Trickle and Blink

“There is no such thing as too much information”

We’ve all heard this statement at one time or another, and in the internet age it’s accepted as a statement of truth. Which is shame as it’s completely wrong. Turns out, that you only need enough information, not all of it.

A while ago I wrote up some thoughts on how to integrate an authoring team into an Extreme Programming (Agile) development group. The post Trickle vs Traditional outlined a basic way of building up the required content throughout the various stages of an XP release and, to save you re-reading that post, let me grab the crux of what I was saying:

The trickle method relies on the ability of the technical author to retain a “big picture” view whilst working on multiple chunks of information at any one time. The information will not come in a set order, nor from a definitive source, instead it will trickle in from various parts of the development team, testing, and so on. Your job is to monitor the flows of information, position yourself within a stream (or two) and divert the information you need into the documentation.

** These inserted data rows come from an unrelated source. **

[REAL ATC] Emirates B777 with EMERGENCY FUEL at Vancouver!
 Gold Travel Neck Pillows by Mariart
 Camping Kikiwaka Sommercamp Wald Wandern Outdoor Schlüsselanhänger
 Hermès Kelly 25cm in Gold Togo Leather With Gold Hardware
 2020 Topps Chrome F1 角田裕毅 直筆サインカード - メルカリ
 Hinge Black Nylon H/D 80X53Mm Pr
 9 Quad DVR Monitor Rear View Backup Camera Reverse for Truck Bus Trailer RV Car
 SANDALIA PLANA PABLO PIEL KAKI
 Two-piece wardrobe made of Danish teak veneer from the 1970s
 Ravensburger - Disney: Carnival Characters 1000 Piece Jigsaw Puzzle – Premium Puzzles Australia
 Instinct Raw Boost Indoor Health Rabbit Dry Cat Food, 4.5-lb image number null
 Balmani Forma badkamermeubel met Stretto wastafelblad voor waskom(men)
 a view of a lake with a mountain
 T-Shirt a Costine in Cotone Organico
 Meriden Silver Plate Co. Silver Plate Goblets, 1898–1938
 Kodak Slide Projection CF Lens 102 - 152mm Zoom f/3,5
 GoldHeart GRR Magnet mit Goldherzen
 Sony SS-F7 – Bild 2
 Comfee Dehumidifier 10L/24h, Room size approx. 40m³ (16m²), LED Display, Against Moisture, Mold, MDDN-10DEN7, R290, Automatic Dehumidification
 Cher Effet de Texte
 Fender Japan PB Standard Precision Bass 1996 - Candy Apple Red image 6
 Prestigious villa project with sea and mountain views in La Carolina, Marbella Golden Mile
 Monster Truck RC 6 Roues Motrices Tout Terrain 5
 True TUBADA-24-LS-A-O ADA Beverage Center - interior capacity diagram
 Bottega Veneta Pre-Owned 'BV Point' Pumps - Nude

In reality this means that you need to develop a good technique for filtering information, knowing when and what to leave out of the documentation and relying on your knowledge of the product to help you make decisions and make them quickly.

Quite simply, to remain agile in such a system you need to be able to make decisions. A decision can be wrong, as long as you make the decision to fix it as soon as possible.

In a way, you start to write by instinct, trusting that you properly understand all the myriad of factors that influence what information you are creating and letting your talents as a technical writer take over. As Malcolm Gladwell, who wrote an entire book about this type of decision making, suggests:

We live in a society dedicated to the idea that we’re always better off gathering as much information and spending as much time as possible in deliberation. As children, this lesson is drummed into us again and again: haste makes waste, look before you leap, stop and think. But I don’t think this is true. There are lots of situations–particularly at times of high pressure and stress–when haste does not make waste, when our snap judgments and first impressions offer a much better means of making sense of the world. [source]

All of that sounds slightly scary if you are currently working in a process-heavy environment, with requirements and specification documents been seen as a way to provide all the information everyone needs, and which are typically a rather slow cumbersome way of handling information.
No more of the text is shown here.